Historian Brooks Adams dies at Boston February 13 at age 78; critic-scholar George Brandes at his native Copenhagen February 19 at age 85; historian J. B. Bury at Rome June 1 at age 65.

Fiction: Der Steppenwolf by Hermann Hesse; Flight Without End (Die Flucht ohne Ende) by Austrian novelist Joseph Roth, 33, who shows the collapsed Austro-Hungarian Empire as seen through the eyes of a returned officer; Amerika by the late Franz Kafka; The Past Recaptured (Le temps retrouvé) by the late Marcel Proust; The Bridge of San Luis Rey by Thornton Wilder; Jalna by Canadian novelist Mazo de la Roche (originally Roche), 42, is the first of more than a dozen in a series of "Whiteoak Chronicles" based on a family living on a lakefront Ontario estate. By the time she dies in 1961 the books will have sold more than 11 million copies in 193 English and 92 foreign editions; Mr. Weston's Good Wine by English novelist T. F. (Theodore Francis) Powys, 52, brother of J. C. Powys; Celibate Loves (stories) by George Moore; To the Lighthouse by Virginia Woolf; The Left Bank (stories) by Welsh-Creole author Jean Rhys (Gwen Williams), 33; Death Comes for the Archbishop by Willa Cather is based on French clergyman Jean Baptiste Lamy, who built the first cathedral in the Southwest at Santa Fe; Giants in the Earth (I de Dage and Riketgrundlaegges) by Norwegian-born novelist Ole Edvart Rölvaag, 52, who came to America in 1896, worked on an uncle's farm in South Dakota, received his degree at St. Olaf College, and has written his books about immigrant life in Norwegian; Elmer Gantry by Sinclair Lewis; The Treasure of the Sierra Madre (Der Schatz der Sierra Madre) by Polish-born German novelist B. Traven (Beric Traven Torsvan, or Ret Marut, originally Albert Otto Max Feige), 37; Dusty Answer by English novelist Rosamond (Nina) Lehmann, 26; The Lovely Ship by Storm Jameson (her first real success); The Unpleasantness at the Bellona Club by Dorothy L. Sayers; The Secret of Father Brown by G. K. Chesterton; The "Canary" Murder Case by Virginia-born critic-novelist S. S. Van Dine (Willard Huntington Wright), 39, whose detective Philo Vance will win a wide following.

Mystery writer-playwright Gaston Leroux dies of uremia at Nice the night of April 15 at age 58; humorist Jerome K. Jerome at Northampton, Northamptonshire, June 14 at age 68; Mary Webb at St.

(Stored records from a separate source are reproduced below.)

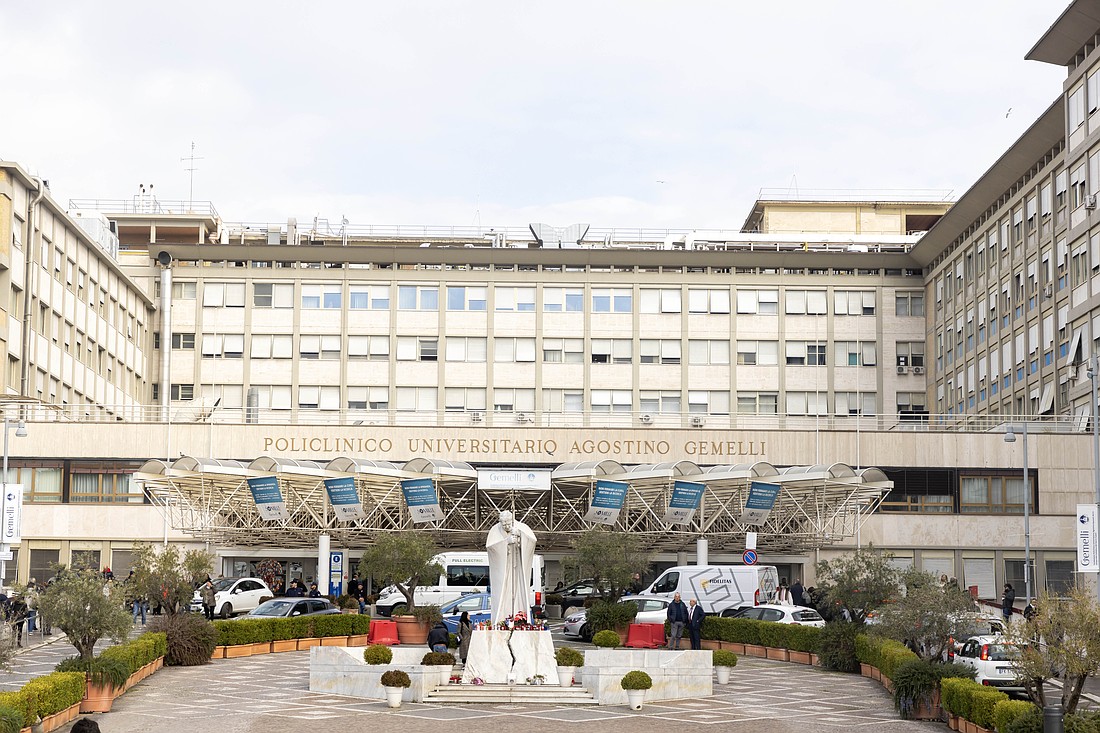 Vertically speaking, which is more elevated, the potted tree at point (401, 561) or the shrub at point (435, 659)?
the potted tree at point (401, 561)

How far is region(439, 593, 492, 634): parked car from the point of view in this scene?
37594 millimetres

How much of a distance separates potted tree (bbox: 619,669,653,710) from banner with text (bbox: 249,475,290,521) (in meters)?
21.7

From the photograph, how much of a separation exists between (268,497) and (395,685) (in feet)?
68.1

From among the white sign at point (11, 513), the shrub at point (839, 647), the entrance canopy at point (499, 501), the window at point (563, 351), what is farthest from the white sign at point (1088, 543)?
the window at point (563, 351)

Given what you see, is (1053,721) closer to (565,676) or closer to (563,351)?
(565,676)

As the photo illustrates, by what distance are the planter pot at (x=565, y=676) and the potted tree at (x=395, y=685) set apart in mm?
3076

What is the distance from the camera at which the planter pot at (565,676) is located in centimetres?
2728

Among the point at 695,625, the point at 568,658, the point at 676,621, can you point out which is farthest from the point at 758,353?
the point at 568,658

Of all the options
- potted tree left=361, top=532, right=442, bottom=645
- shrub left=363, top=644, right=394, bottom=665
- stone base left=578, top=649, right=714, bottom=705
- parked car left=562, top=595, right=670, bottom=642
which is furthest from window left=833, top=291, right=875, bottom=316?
shrub left=363, top=644, right=394, bottom=665

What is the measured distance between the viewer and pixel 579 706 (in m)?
25.8

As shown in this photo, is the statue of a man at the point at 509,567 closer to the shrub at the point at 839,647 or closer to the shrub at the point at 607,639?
the shrub at the point at 607,639

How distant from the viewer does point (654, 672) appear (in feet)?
A: 88.9

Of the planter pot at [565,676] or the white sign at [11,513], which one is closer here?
the planter pot at [565,676]

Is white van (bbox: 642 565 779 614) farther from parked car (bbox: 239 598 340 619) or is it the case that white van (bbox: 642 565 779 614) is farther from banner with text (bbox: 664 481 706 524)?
parked car (bbox: 239 598 340 619) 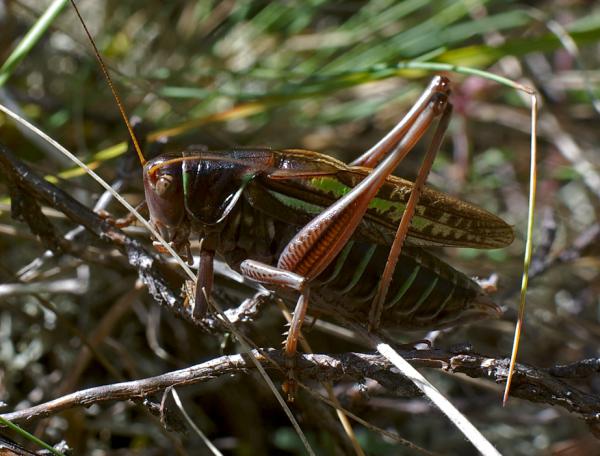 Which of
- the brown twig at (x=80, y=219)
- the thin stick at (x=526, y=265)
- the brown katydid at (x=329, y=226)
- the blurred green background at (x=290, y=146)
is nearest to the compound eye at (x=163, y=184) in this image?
the brown katydid at (x=329, y=226)

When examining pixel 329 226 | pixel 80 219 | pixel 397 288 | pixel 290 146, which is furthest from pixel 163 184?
pixel 290 146

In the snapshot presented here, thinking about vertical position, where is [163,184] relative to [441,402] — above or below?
above

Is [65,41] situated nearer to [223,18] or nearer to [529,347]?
[223,18]

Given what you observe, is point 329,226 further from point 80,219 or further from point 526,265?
point 80,219

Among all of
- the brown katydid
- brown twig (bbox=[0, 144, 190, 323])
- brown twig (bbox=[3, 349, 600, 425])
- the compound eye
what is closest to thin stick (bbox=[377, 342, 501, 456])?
brown twig (bbox=[3, 349, 600, 425])

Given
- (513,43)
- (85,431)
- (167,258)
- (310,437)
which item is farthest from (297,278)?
(513,43)

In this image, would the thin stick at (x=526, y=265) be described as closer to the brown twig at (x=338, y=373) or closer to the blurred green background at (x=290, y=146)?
the brown twig at (x=338, y=373)

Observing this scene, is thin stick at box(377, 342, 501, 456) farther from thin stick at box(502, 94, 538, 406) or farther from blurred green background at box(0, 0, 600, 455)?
blurred green background at box(0, 0, 600, 455)

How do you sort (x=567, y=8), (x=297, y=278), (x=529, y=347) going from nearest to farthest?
(x=297, y=278)
(x=529, y=347)
(x=567, y=8)

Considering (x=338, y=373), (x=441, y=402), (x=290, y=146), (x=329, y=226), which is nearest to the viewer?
(x=441, y=402) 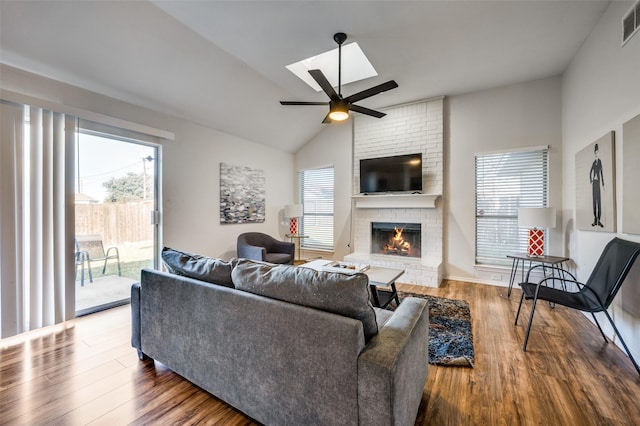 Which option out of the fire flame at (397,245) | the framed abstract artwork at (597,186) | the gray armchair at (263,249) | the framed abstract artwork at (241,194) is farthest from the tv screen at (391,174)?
the framed abstract artwork at (241,194)

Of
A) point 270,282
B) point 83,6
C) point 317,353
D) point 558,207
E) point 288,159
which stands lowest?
point 317,353

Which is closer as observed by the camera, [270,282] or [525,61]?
[270,282]

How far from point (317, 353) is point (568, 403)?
1.69 m

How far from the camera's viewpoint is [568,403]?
159 centimetres

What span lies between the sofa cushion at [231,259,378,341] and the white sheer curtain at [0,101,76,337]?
2.49 metres

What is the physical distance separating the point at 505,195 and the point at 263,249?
384cm

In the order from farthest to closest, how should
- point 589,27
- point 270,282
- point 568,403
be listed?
point 589,27 < point 568,403 < point 270,282

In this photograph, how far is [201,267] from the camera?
171cm

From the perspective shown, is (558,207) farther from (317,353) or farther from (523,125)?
(317,353)

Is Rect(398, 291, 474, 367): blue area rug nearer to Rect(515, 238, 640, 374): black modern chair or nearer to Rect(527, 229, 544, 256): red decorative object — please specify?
Rect(515, 238, 640, 374): black modern chair

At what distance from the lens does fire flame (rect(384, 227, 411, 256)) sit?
466cm

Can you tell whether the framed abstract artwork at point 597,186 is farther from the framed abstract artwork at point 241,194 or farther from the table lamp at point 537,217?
the framed abstract artwork at point 241,194

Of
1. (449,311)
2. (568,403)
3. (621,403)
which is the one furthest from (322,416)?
(449,311)

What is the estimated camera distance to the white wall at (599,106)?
6.97 feet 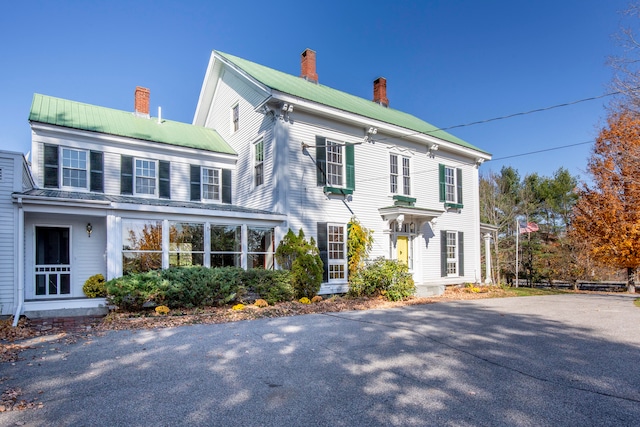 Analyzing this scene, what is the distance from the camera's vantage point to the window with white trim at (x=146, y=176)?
13.2m

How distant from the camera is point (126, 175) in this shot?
12.9 metres

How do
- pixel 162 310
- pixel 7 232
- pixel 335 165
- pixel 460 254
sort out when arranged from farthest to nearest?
pixel 460 254
pixel 335 165
pixel 162 310
pixel 7 232

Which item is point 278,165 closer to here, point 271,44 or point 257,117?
point 257,117

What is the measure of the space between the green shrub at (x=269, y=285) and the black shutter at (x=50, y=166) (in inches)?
267

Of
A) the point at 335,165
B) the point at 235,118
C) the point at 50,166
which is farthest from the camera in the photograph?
the point at 235,118

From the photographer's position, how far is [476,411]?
353 centimetres

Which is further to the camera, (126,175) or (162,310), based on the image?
(126,175)

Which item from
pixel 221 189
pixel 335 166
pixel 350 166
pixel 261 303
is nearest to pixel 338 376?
pixel 261 303

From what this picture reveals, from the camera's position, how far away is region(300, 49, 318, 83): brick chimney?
1673cm

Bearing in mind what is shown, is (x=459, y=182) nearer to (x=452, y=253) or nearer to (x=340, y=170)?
(x=452, y=253)

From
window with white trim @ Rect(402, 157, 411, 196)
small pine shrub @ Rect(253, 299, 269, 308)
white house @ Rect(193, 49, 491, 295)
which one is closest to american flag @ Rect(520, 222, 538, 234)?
white house @ Rect(193, 49, 491, 295)

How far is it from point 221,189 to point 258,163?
2.15 meters

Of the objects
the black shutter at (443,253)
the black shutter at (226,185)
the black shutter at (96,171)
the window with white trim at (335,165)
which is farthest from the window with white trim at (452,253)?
the black shutter at (96,171)

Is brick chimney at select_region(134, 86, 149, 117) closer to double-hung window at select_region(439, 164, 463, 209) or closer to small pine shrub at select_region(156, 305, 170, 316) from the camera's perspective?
small pine shrub at select_region(156, 305, 170, 316) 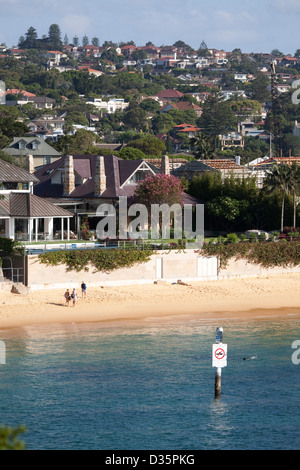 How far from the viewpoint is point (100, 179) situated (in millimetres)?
66875

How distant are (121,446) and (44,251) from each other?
24.1 meters

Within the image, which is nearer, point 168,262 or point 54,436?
point 54,436

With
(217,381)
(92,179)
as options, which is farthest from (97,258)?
(217,381)

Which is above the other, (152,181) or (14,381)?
(152,181)

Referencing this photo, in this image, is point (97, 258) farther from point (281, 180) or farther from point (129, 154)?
point (129, 154)

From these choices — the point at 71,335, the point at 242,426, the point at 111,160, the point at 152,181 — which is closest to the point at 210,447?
the point at 242,426

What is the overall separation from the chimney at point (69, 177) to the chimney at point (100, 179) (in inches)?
88.4

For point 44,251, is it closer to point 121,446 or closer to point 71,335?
point 71,335

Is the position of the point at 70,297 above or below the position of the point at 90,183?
below

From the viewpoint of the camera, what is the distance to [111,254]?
52.8 m

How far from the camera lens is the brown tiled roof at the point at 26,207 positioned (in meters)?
58.0

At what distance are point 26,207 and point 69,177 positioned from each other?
407 inches

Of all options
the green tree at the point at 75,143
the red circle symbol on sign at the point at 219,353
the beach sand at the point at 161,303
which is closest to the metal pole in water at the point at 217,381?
the red circle symbol on sign at the point at 219,353

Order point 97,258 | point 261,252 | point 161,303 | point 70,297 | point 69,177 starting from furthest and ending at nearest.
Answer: point 69,177
point 261,252
point 97,258
point 161,303
point 70,297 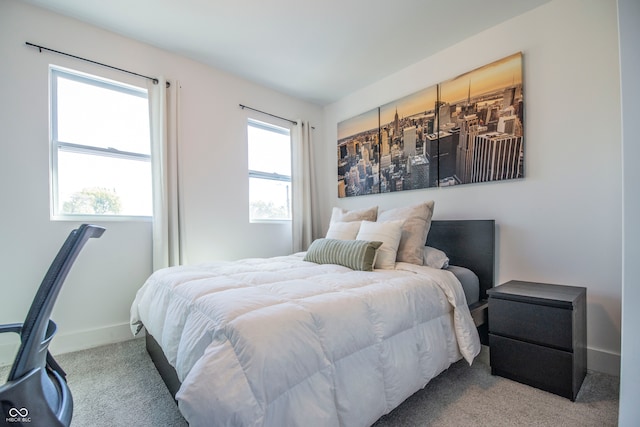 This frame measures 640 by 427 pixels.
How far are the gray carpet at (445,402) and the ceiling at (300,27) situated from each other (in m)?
2.62

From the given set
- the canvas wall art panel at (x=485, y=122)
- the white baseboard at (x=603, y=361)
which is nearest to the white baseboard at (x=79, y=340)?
the canvas wall art panel at (x=485, y=122)

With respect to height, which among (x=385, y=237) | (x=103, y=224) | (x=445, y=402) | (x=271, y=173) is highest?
(x=271, y=173)

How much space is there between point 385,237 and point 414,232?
265mm

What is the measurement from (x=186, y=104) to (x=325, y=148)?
184 centimetres

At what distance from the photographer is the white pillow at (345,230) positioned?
2441 mm

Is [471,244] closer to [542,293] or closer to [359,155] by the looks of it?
[542,293]

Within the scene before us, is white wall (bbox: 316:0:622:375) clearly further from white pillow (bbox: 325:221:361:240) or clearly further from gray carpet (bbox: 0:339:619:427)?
white pillow (bbox: 325:221:361:240)

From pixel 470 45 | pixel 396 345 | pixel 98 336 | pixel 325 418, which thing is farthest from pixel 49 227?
pixel 470 45

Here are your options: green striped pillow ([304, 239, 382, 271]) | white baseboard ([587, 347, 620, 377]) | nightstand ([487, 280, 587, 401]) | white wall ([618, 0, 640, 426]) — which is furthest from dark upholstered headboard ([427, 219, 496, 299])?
white wall ([618, 0, 640, 426])

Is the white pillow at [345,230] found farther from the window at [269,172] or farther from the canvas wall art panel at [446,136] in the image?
the window at [269,172]

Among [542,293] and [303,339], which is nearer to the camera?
[303,339]

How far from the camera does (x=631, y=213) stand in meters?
1.10

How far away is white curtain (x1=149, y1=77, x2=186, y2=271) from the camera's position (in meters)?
2.54

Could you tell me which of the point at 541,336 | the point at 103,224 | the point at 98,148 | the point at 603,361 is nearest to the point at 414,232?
the point at 541,336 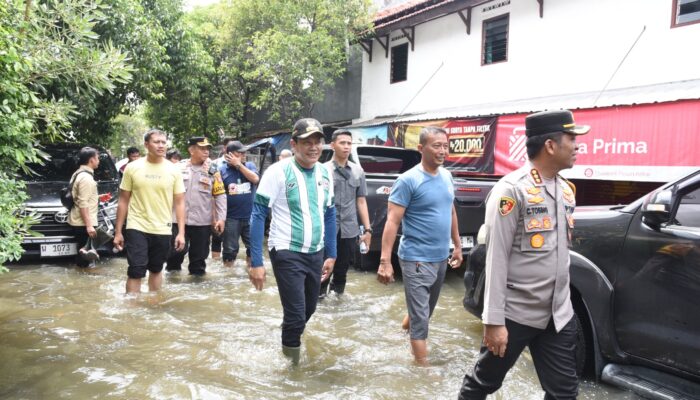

Leonards, Sussex, October 8 at age 46, having been confined to a wheelchair by paralysis since age 5.

Poetry: "American Names" by Pennsylvania-born poet Stephen Vincent Benét, 29; The Women at Point Sur by Robinson Jeffers; Tristram and "Launcelot" by Edwin Arlington Robinson is a verse novel; Fine Clothes to the Jew by Langston Hughes; Leitenant Schmidt by Boris Pasternak is a verse epic; Pomes Penyeach by James Joyce, whose work is published by Paris bookseller Sylvia Beach; Journey of the Magi by T. S. Eliot; The Heart's Journey by Siegfried Sassoon.

Juvenile: archy and mehitabel by Illinois-born New York Herald-Tribune humorist Donald Robert Perry "Don" Marquis, 44, whose cockroach archy is the reincarnation of a poet and whose alley cat mehitabel has rowdy misadventures; The Midnight Folk by John Masefield.